Aluno do 1º ano do ensino médio do Colégio Estadual Professor Mário Campos, Pedro Henrique Cunha, de 15 anos, disse que joga bola no Parque todos os dias, às vezes também corre na pista ou caminha nas trilhas, porque mora na Rua Mário de Araújo, perto do Parque. “Nunca tinha visto outros animais além das cobras; vimos corujas e até um bicho preguiça”, contou entusiasmado o adolescente.
Ele estava acompanhado de um grupo de 200 estudantes de oito turmas do 1º ao 3º ano, sob supervisão de vários professores, entre eles, dois de biologia, e a diretora Carmem Silveira. “Somos convidados anualmente para vir aqui nesta data.
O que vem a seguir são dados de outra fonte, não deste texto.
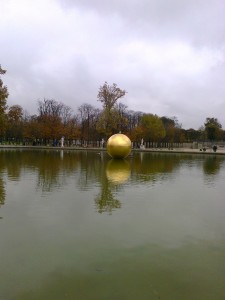 Au Jardin des Tuileries (fot. EK) Au Jardin des Tuileries (fot. EK)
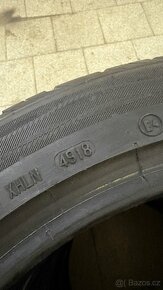 Prodám letní pneu 235/45 R19 - 4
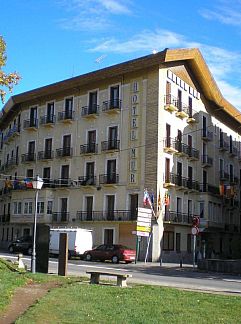 Vakantie appartement Hotel Jaqués, Jaca, Aragón / Navarra / La Rioja, Spanje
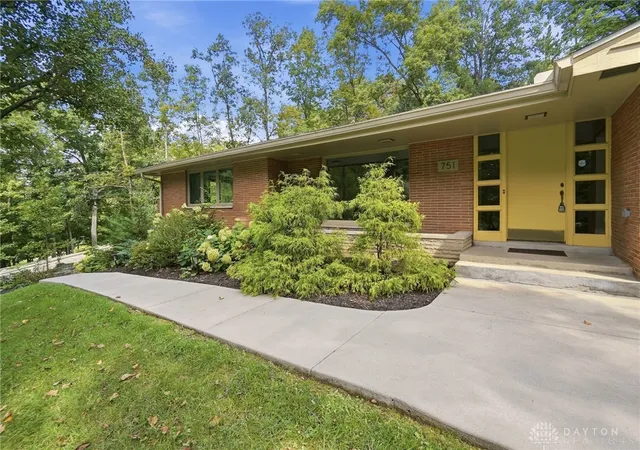 Photo 3 of Single family home for sale at 751 Laurelwood Rd, Dayton, OH 45419 | MLS# 968491 | Listing updated on 2026-09-28
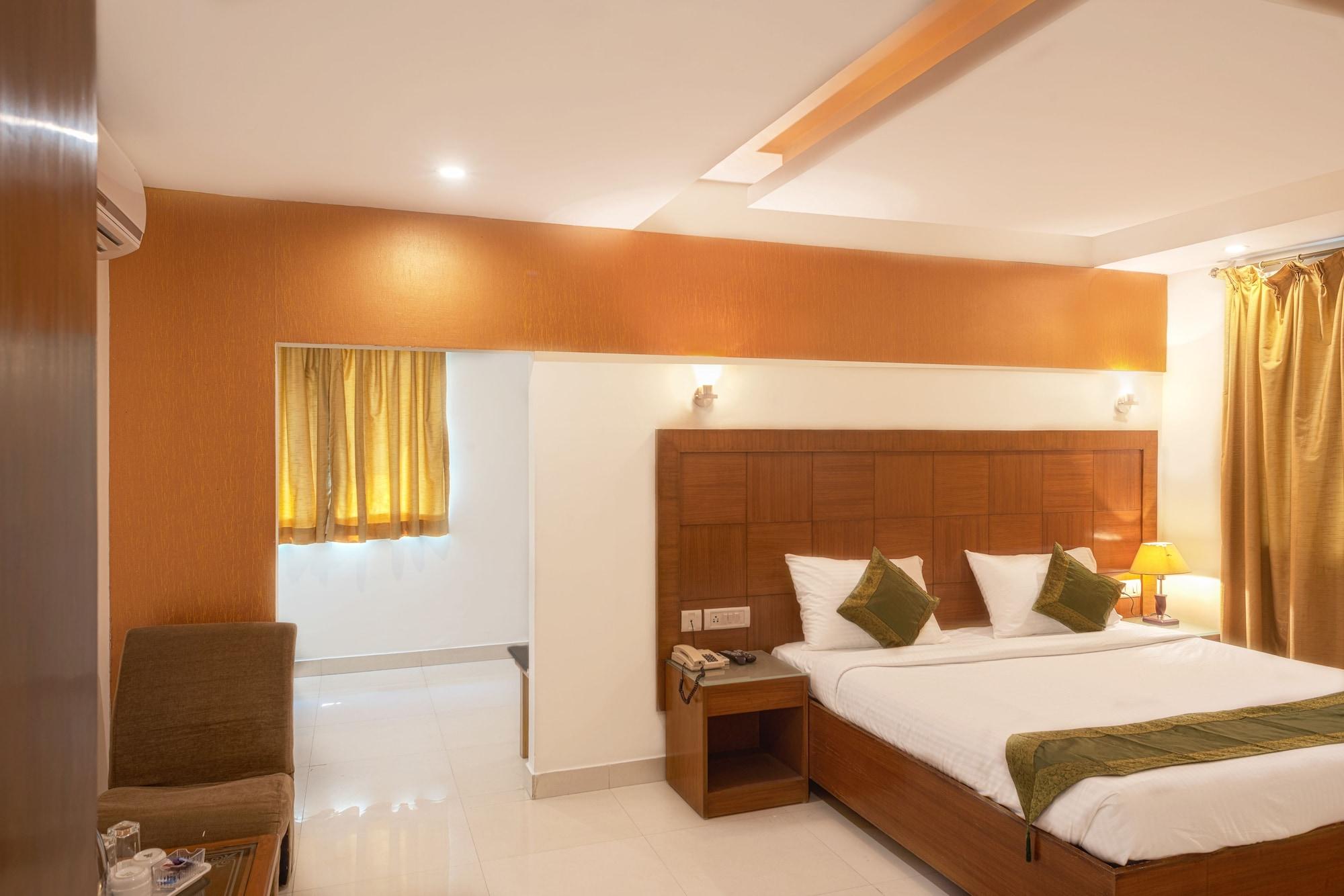 Treebo Trend Grand Plaza Nampally Χιντεραμπάντ Εξωτερικό φωτογραφία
O objetivo maior é olhar a natureza e somos todos de Nilópolis”, afirmou Carmem Silveira.
Recanto dos Bichos
Integrante do Recanto dos Bichos, o professor de biologia Vinícius Antônio mostrava aos estudantes a iguana, enquanto o colega falcoeiro Deived de Souza explicava como vive a coruja rasga-mortalha que trazia consigo. Mas coragem mesmo tinha a estudante de biologia Ester Godoy, que levava ao pescoço uma jiboia. Eles recebem cachê em trabalhos para televisão e doações em apresentações em instituições e escolas particulares.
A instituição é formada por 11 pessoas, incluindo um médico veterinário que é o responsável técnico. “ Desde 2015 não temos um espaço físico. Desenvolvemos projetos de educação ambiental, temos mais de 10 animais, que são devidamente instalados. Por exemplo, temos um cavalo cigano que fica em um haras em Vargem Grande. Fazemos trabalhos para a TV Globo e a Record e esse cachê permite mantermos esses animais”, explicou Deived de Souza.